With low-carbohydrate diets, the committee claimed to find "only limited evidence" that skipping bread could be beneficial to health. However, upon closer look, Teicholz found that more than 100 studies on low-carbohydrate diets have been conducted since 2000, and at least 70 were randomized controlled trials, nearly half of which lasted for more than six months. She says that volume of research should be sufficient to make a more definitive statement about this type of diet.

"Given the growing toll taken by these conditions and the failure of existing strategies to make meaningful progress in fighting obesity and diabetes to date, one might expect the guideline committee to welcome any new, promising dietary strategies," she wrote.

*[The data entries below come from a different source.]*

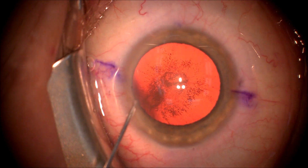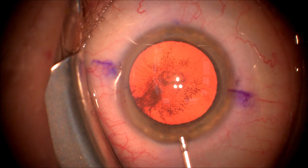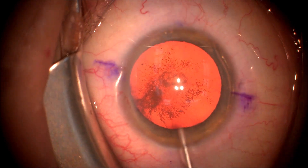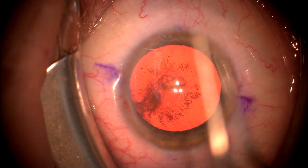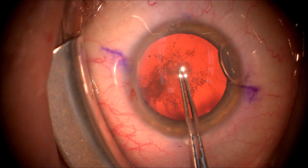We're going to inject a little Sugarcane, which is a mixture of epinephrine and lidocaine, to make this patient comfortable during cataract surgery. We are then injecting a dispersive viscoelastic into the anterior chamber to give space and protect the delicate structures of the eye.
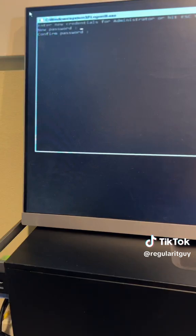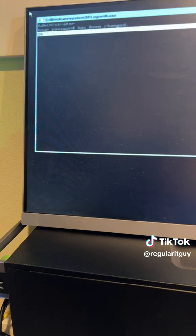Let's go ahead and put in a password. Hit your tab and type it again. Password's been set.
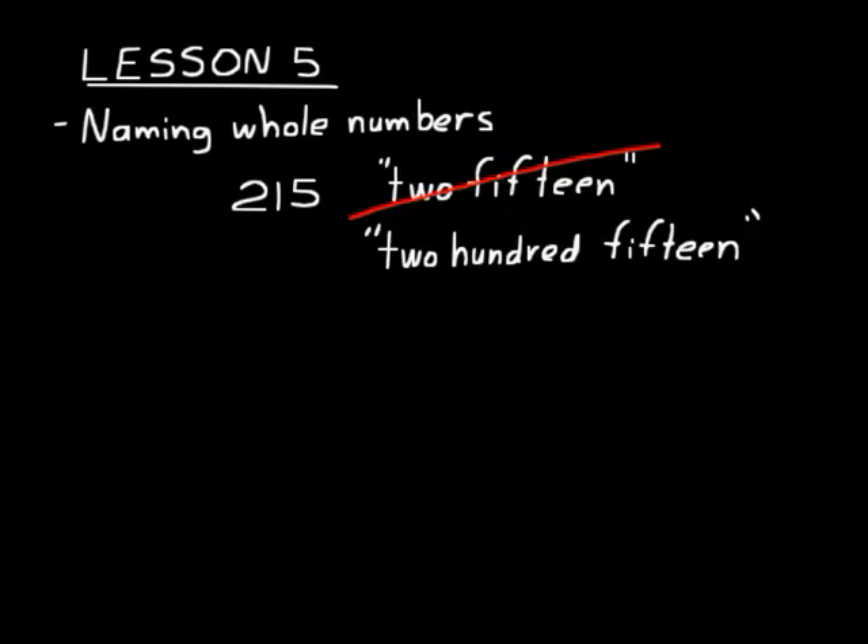Now sometimes you might have seen a number written out with a dash between the words — like twenty-seven, for example, you would write that twenty-hyphen-seven. Numbers that you put a dash in between are those between twenty-one and ninety-nine. You don't do it for numbers that end in zero, like sixty or seventy, because those are just one word: sixty, seventy, eighty, ninety. There's no way to put a dash in between them.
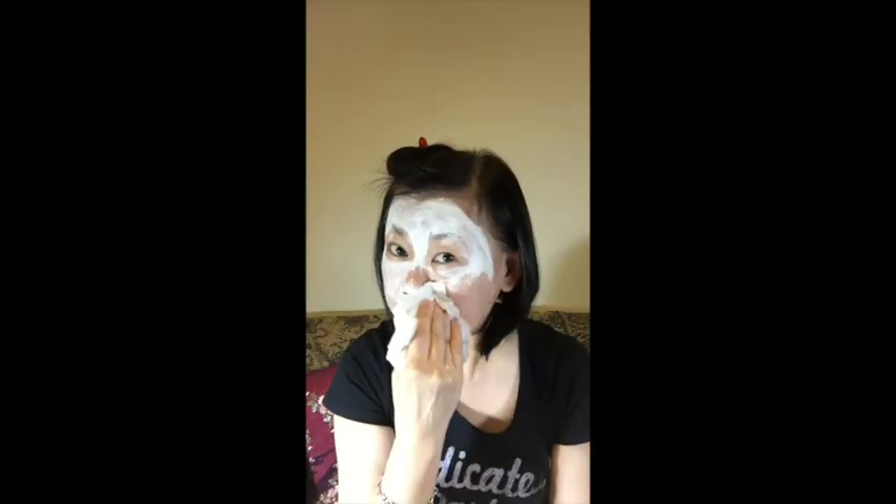You'll see there are some black bits that came out with it — it acts like a scrub, removing the impurities from within your skin.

According to Teicholz, the 2015 panel primarily relied on systematic reviews from health advocacy organizations, such as the American Heart Association and the American College of Cardiology. Organizations such as these receive funding from food and drug companies. Additionally, she points out that many members of the advisory committee have undisclosed conflicts of interest, such as one who received research funding from the California Walnut Commission and the Tree Nut Council, as well as vegetable oil companies Bunge and Unilever. Another committee member received more than $10,000 from Lluminari, which produces health-related multimedia content for General Mills, PepsiCo, Stonyfield Farm and Newman's Own, among other companies.

Barbara Millen, the committee chair, told BMJ that members were vetted by a counsel to the federal government.

In June, lawmakers criticized the committee for taking too many liberties when it came to deciding which research should be used to inform the final recommendations. Lawmakers have also taken issue with the committee recommending Americans consume less meat for environmental sustainability.

Teicholz agrees. "Although, as the report states, the environmental effects of food and drink production are considerable, they are outside the committee's formal mandate to provide the federal government with the 'current scientific evidence on topics related to diet, nutrition, and health,'" she wrote.